**Exercise:** Only the pictures are to be left out; the listing itself is repeated exactly.

**Information supplied:**
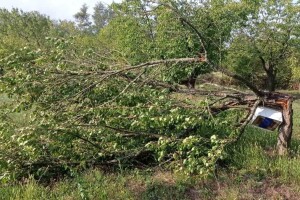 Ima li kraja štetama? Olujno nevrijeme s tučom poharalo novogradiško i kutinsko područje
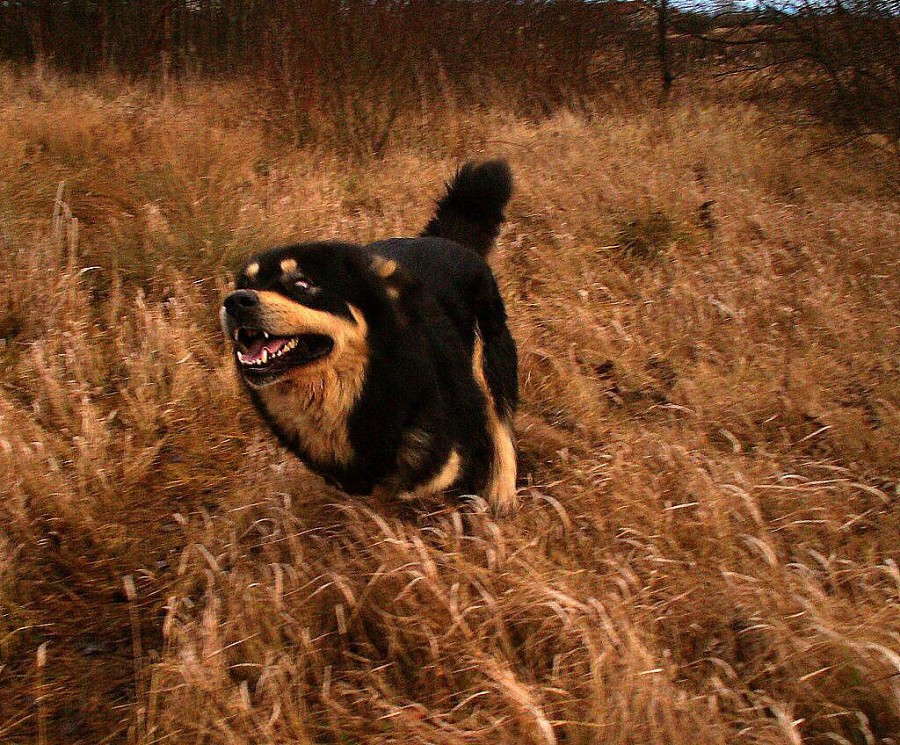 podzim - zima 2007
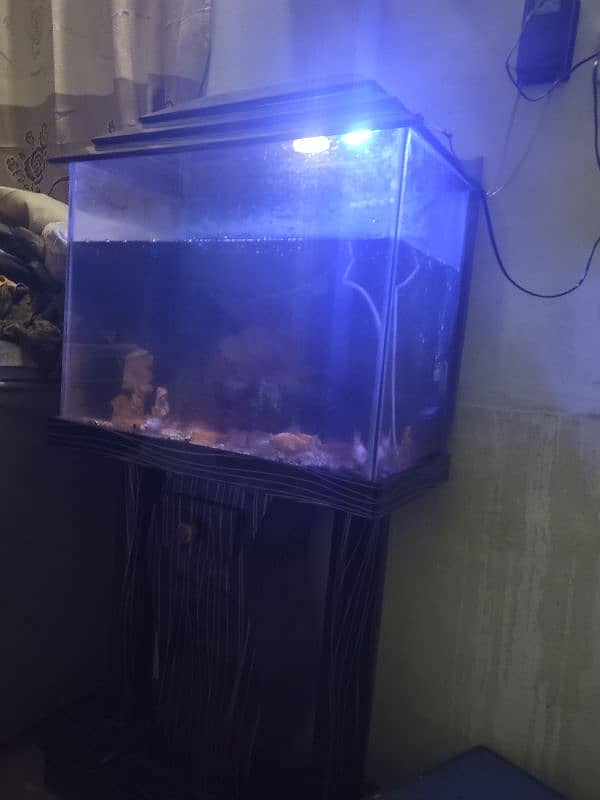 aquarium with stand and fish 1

**Task answer:**
 Ima li kraja štetama? Olujno nevrijeme s tučom poharalo novogradiško i kutinsko područje
 podzim - zima 2007
 aquarium with stand and fish 1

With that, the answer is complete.